И он показывал это всеми силами. Рыцарь сам знает все, и любой приказ для него — урон чести. Такое самосознание рыцаря прекрасно знали и чувствовали полководцы, государственные деятели — мирские и церковные. Видя, что несокрушимые всадники терпят поражение из-за своей горячности и своеволия, вылетая в атаку разрозненными группами и зная, что тяжелая конница непобедима, когда наваливается всей массой, государственная и церковная администрация принимала меры для приведения хоть в какой-то порядок своих выскочек. Дело-то ведь еще и в том, что рыцарей было мало. Например, во всей Англии в 70-х годах XIII века было 2750 рыцарей. В боях участвовало обычно несколько десятков рыцарей, и лишь в больших сражениях они исчислялись сотнями, редко переваливая за тысячу. Понятно, что это мизерное количество полноценных бойцов нельзя было растрачивать, распылять по мелочам. И тогда с конца XV века, во время крестовых походов, стали возникать духовно-рыцарские ордена со строгими уставами, регламентирующими их боевые действия.
Но самый крепкий порядок был, разумеется, в бандах — отрядах рыцарей-наемников, расплодившихся в XII–XIV веках, предлагавших свои услуги кому угодно и грабивших всех подряд в мирное время. (Именно для борьбы с этими бандами впервые в средневековой Европе французскими королями в XIV веке были созданы настоящие регулярные армии, маленькие, состоявшие из разных родов войск, где воины служили за плату постоянно.) Надо сказать, что вся строгость воинских уставов и распорядков иссякала в тех разделах, где трактовалось о боевых действиях рыцарей, т. е. строгость была, но требования были самыми общими: не покидать и не ломать строй, стараться, в разумных пределах, обороняться при неудаче, а не сразу бежать, и до победы лагерь противника не грабить.
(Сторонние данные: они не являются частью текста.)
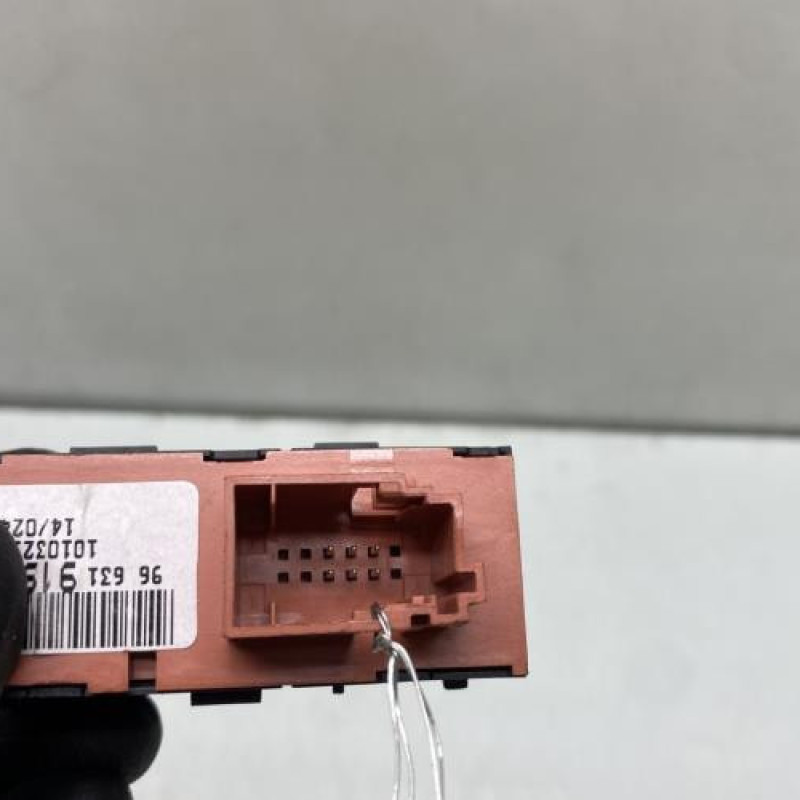 Commande de fermeture centralisee CITROEN C3 PICASSO Photo n°3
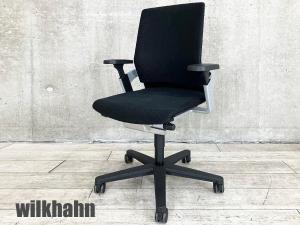 中古】ONチェア Wilkhahn/ウィルクハーン 肘付ハイバックチェア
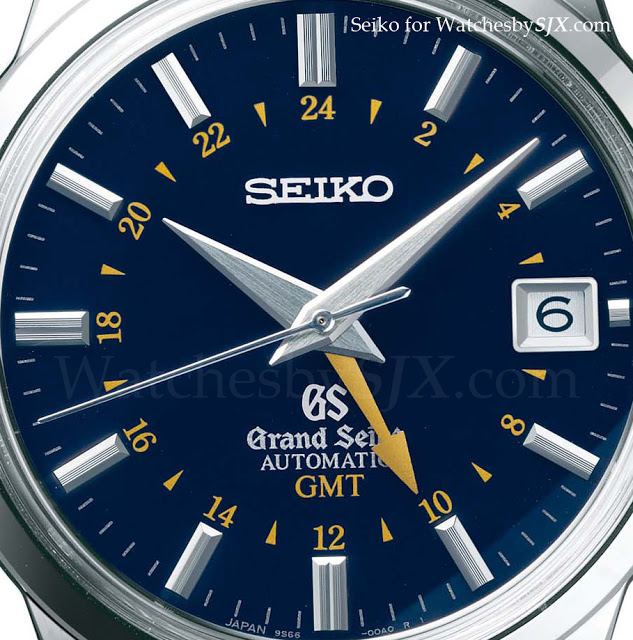 Introducing the Grand Seiko GMT 10th anniversary editions (with specs and  pricing) | SJX Watches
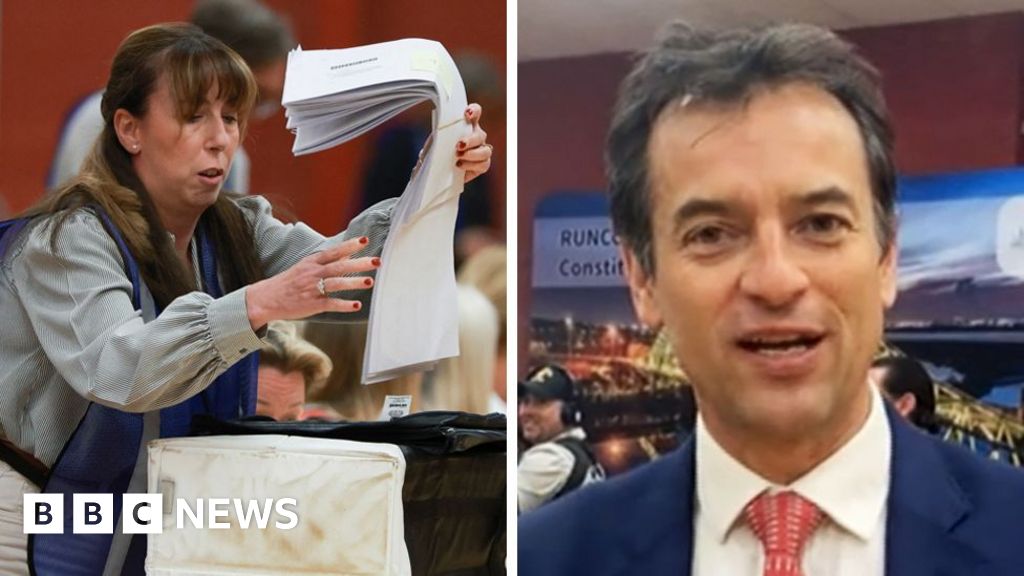 Reform by-election win raises questions for Labour and Tories thumbnail
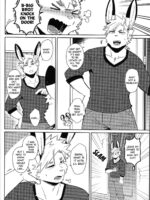 Hatsujouki - In Heat page 5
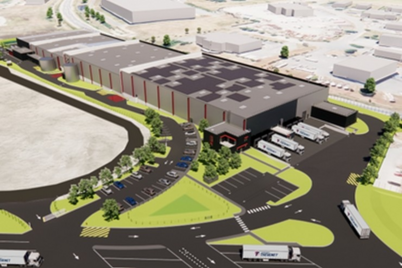 GSE unveils advanced logistics platform in Allier for L'Oréal & Transports Thévenet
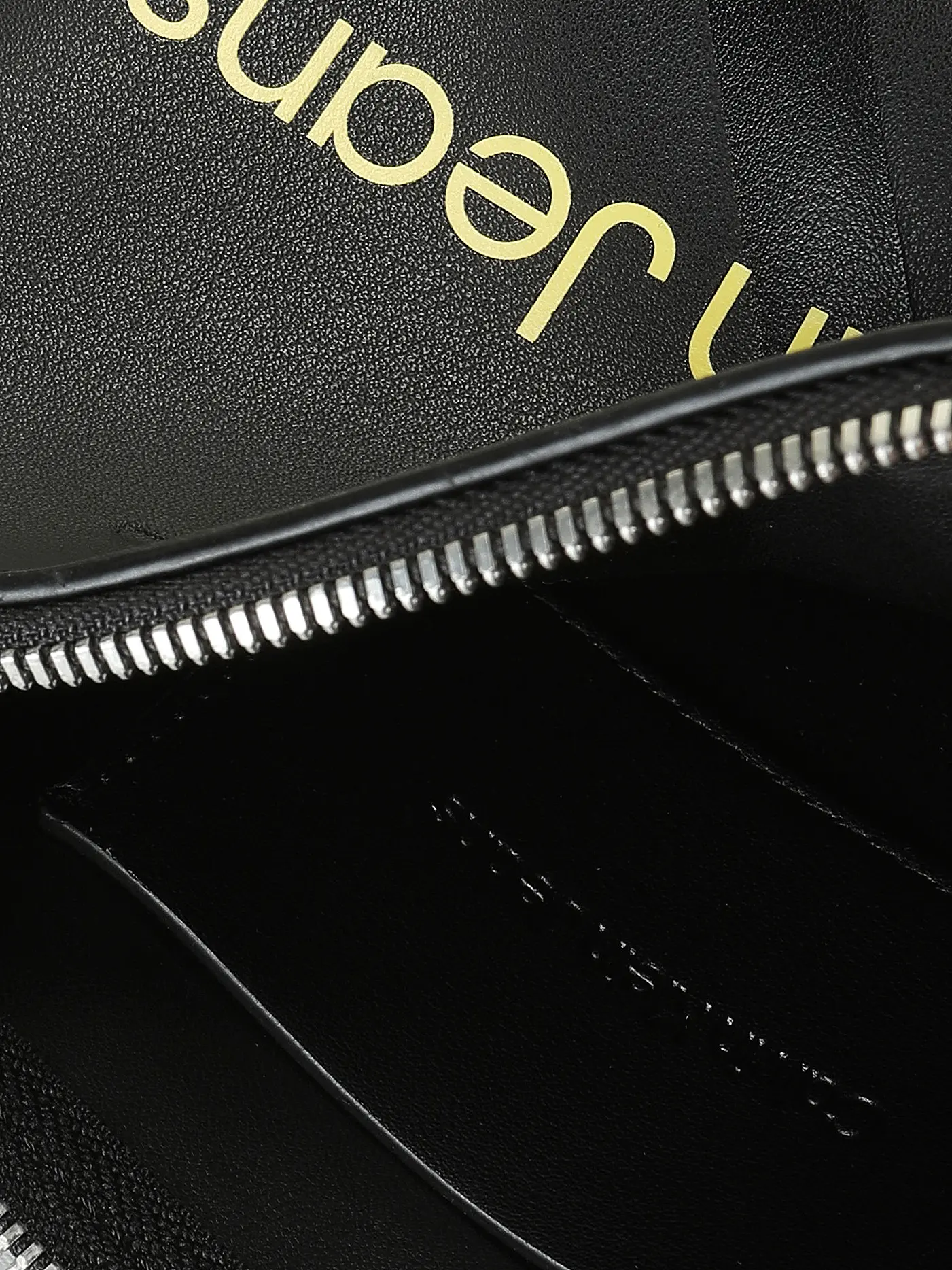 CALVIN KLEIN JEANS | Tasche - Mini Bag CAMERA POUCH21 | schwarz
Итак, как же воевала рыцарская конница? Чтобы сохранить строй к решающему моменту схватки, она подходила к противнику шагом, была «покойна и невозмутима, подъезжала не торопясь, как если бы кто-нибудь ехал верхом, посадивши впереди себя на седло невесту», — писал один средневековый автор. И, только подъехав совсем близко к врагу, рыцари бросали коней в более быстрый аллюр. Медленное сближение имело еще и тот смысл, что экономились силы лошади для решающего броска и схватки. Пожалуй, самым удобным построением был издавна придуманный для тяжелой конницы «клин», «кабанья голова», или «свинья», как называли его русские дружинники, любившие, кстати, это построение ничуть не меньше своих западных коллег.